• **EXERCISE DATA**
_ _ _ _ _ _ _
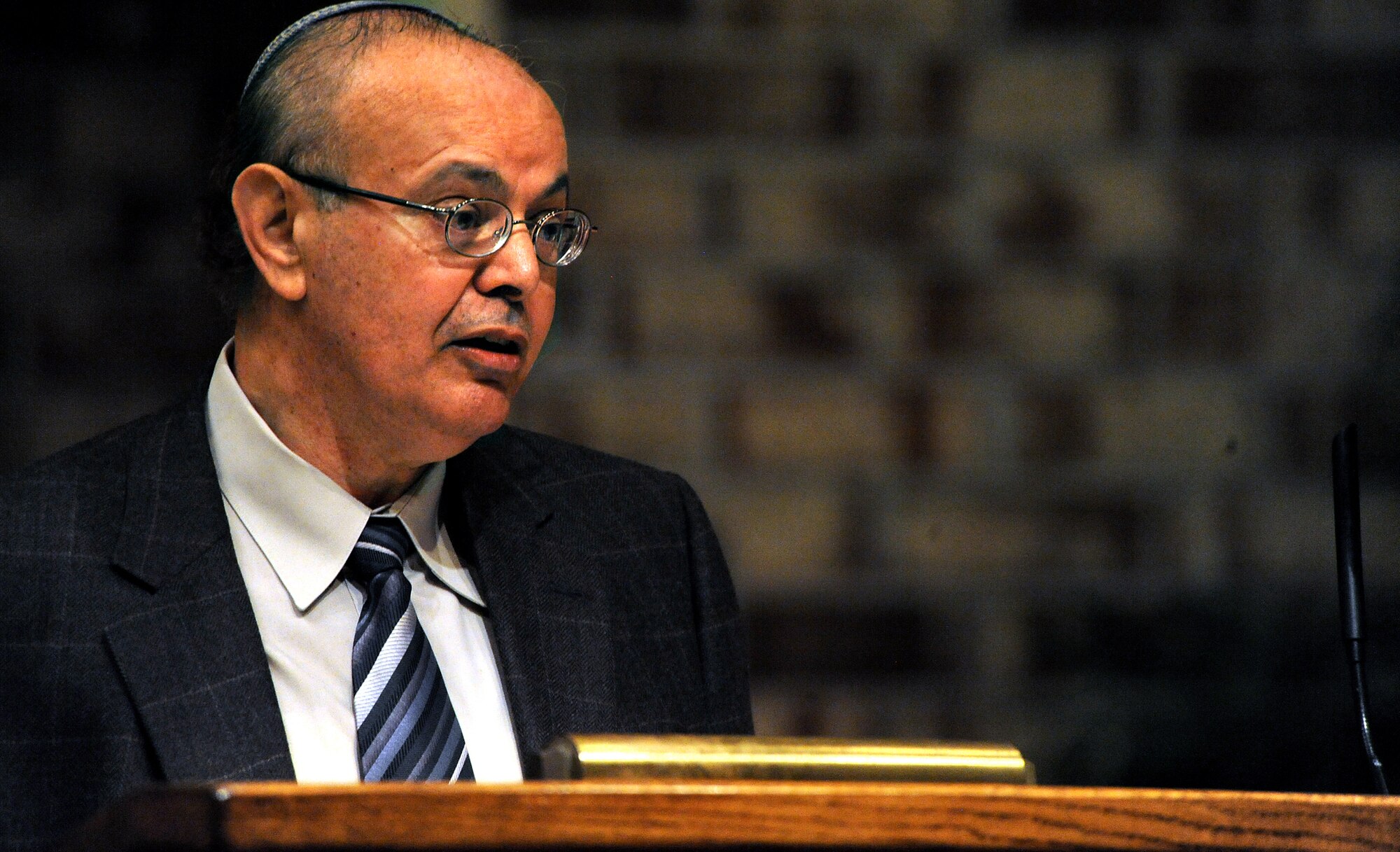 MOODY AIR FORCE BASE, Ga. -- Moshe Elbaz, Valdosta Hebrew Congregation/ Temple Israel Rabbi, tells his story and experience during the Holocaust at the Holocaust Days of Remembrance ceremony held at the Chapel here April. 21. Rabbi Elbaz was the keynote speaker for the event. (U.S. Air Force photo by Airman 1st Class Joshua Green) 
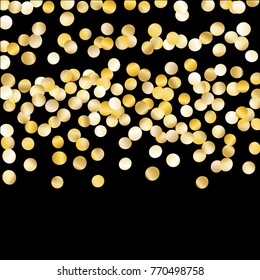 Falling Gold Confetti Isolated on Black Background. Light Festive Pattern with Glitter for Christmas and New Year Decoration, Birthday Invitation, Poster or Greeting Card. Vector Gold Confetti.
_ _ _ _ _ _ _
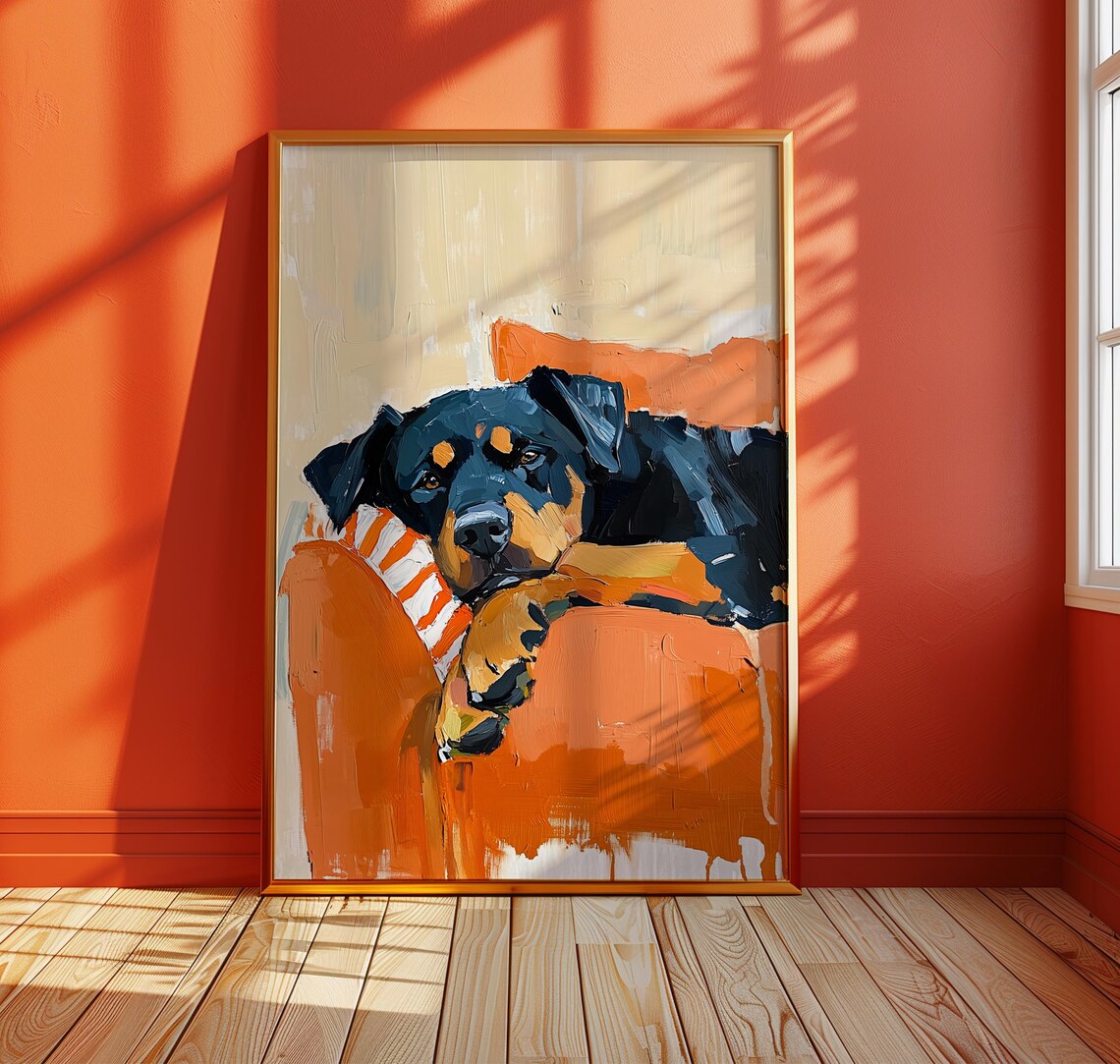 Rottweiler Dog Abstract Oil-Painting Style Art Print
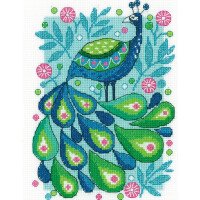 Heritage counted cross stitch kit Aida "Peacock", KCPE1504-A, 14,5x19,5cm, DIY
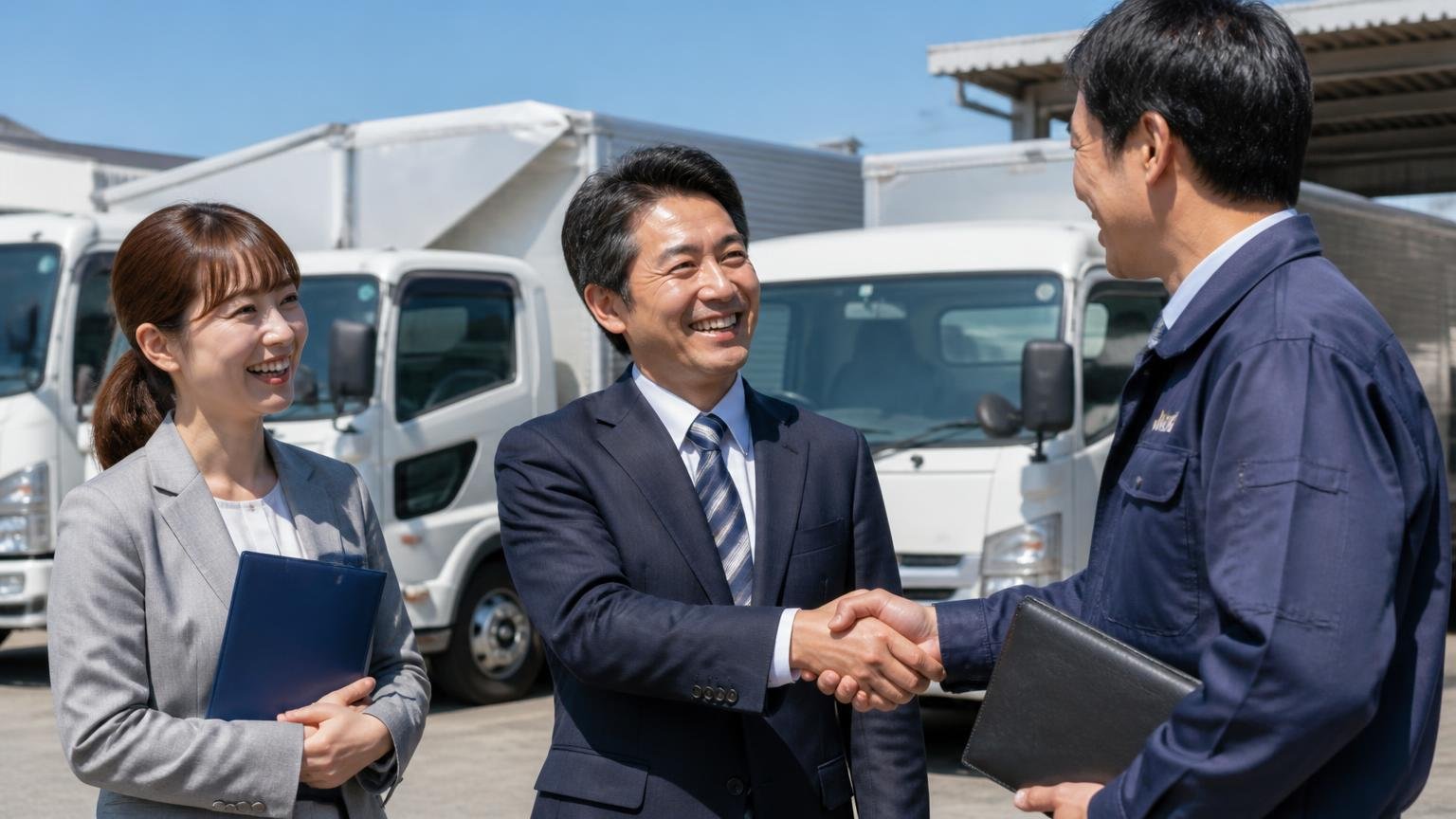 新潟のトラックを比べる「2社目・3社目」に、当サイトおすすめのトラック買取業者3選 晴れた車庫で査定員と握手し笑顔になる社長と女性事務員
_ _ _ _ _ _ _
• **WHAT YOU ARE ASKED TO DO**
Although the records hold pictures, the copy must not; give again exactly the lines from the one with "MOODY AIR FORCE" through the one with "Falling Gold Confetti".

• **TASK RESULT**
 MOODY AIR FORCE BASE, Ga. -- Moshe Elbaz, Valdosta Hebrew Congregation/ Temple Israel Rabbi, tells his story and experience during the Holocaust at the Holocaust Days of Remembrance ceremony held at the Chapel here April. 21. Rabbi Elbaz was the keynote speaker for the event. (U.S. Air Force photo by Airman 1st Class Joshua Green) 
 Falling Gold Confetti Isolated on Black Background. Light Festive Pattern with Glitter for Christmas and New Year Decoration, Birthday Invitation, Poster or Greeting Card. Vector Gold Confetti.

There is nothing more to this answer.